The Political Economy of Japanese and Chinese Infrastructure Financing Governance: Organizing Alliances, Institutions and Ideology (soft launch)

LSE The Marshall Building - Room 2.06 (MAR 2.06)
Friday 24 Oct 2025 12pm - 1.15pm

Amidst an increasingly militarised economy and fractured global politics, The Political Economy of Japanese and Chinese Infrastructure Financing Governance (University of Bristol Press, forthcoming) revisits a pivotal moment in Southeast Asia’s developmental trajectory – one marked by policymakers’ obsession with infrastructure-driven growth, spurred by a wave of Chinese capital through the Belt and Road Initiative which has challenged Japan’s role as a long-standing development partner in region.

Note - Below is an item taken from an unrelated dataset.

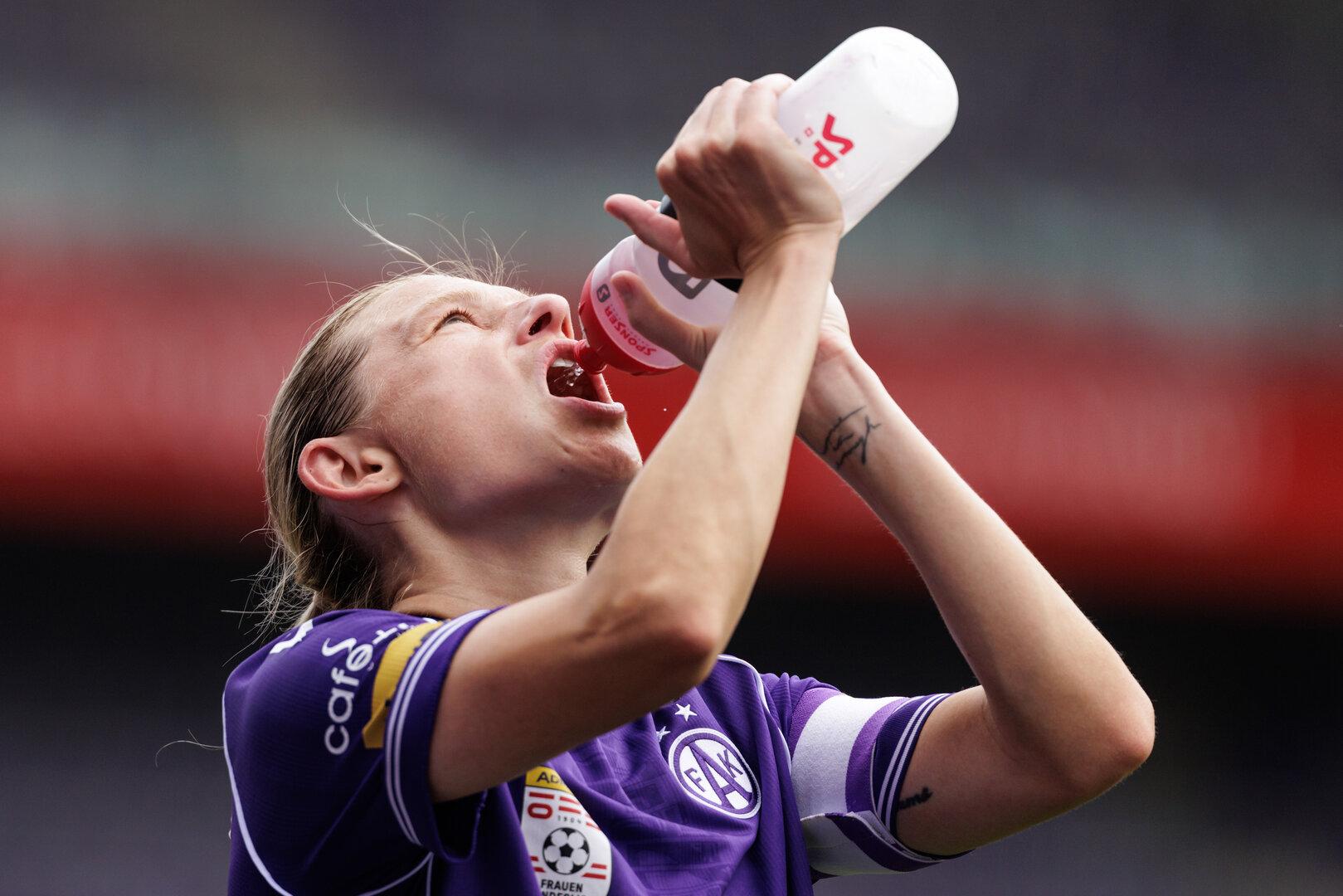 Austria-Spielerin Wenninger trinkt aus einer Flasche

Instead of drawing a simplistic contrast between Japan and China’s approach, this book instead asks a more fundamental, and often overlooked, question: why do Chinese-led and Japanese-led infrastructure financing schemes take variegated forms? Why was one project funded under Public-Private Partnership (PPP) mechanism, whilst another was financed under Official Development Assistance (ODA)? Using Indonesia as a case study, Trissia Wijaya offers an in-depth look at the politico-economic forces underpinning Chinese and Japanese infrastructure financing forms and unpacks how power relations among broader social forces – state managers, technocrats, and different segments of capital – have manifested in different forms of infrastructure financing and shaped governance of infrastructure financing.

Drawing on extensive fieldwork in Indonesia, Japan, and China, The Political Economy of Japanese and Chinese Infrastructure Financing Governance pinpoints different temporal moments, including but not limited to the conjuncture of shifting global political economy dynamics and state transformation in Indonesia, that define Chinese and Japanese’s understanding of risks attached to different forms of financing. In particular, the book shows how infrastructure financing – be it China- or Japan-led – is far from a purely technocratic process governed by a universal standard of risk management. Rather, it is embedded in complex institutional functions and shifting alliances that support project success and constitute what can be understood as the politics of risk management and financing governance.

Speaker & chair biographies

Dr. Trissia Wijaya is a McKenzie Research Fellow at the Asia Institute, University of Melbourne. Her research sits at the intersection of geopolitical economy and responses to it in East Asia, encompassing green infrastructure financing, industrial policy, and critical mineral development. Her work has been published in leading journals, including International Affairs, Environmental Politics, and the Journal of Contemporary Asia. Dr. Wijaya is an affiliate of Second Cold War Observatory network and serves as a member of the Environmental Politics and Policy Research executive committee of the Australian Political Studies Association.

Prof. John Sidel is Director of the Saw Swee Hock Southeast Asia Centre, and the Sir Patrick Gillam Professor of International and Comparative Politics at the London School of Economics and Political Science (LSE).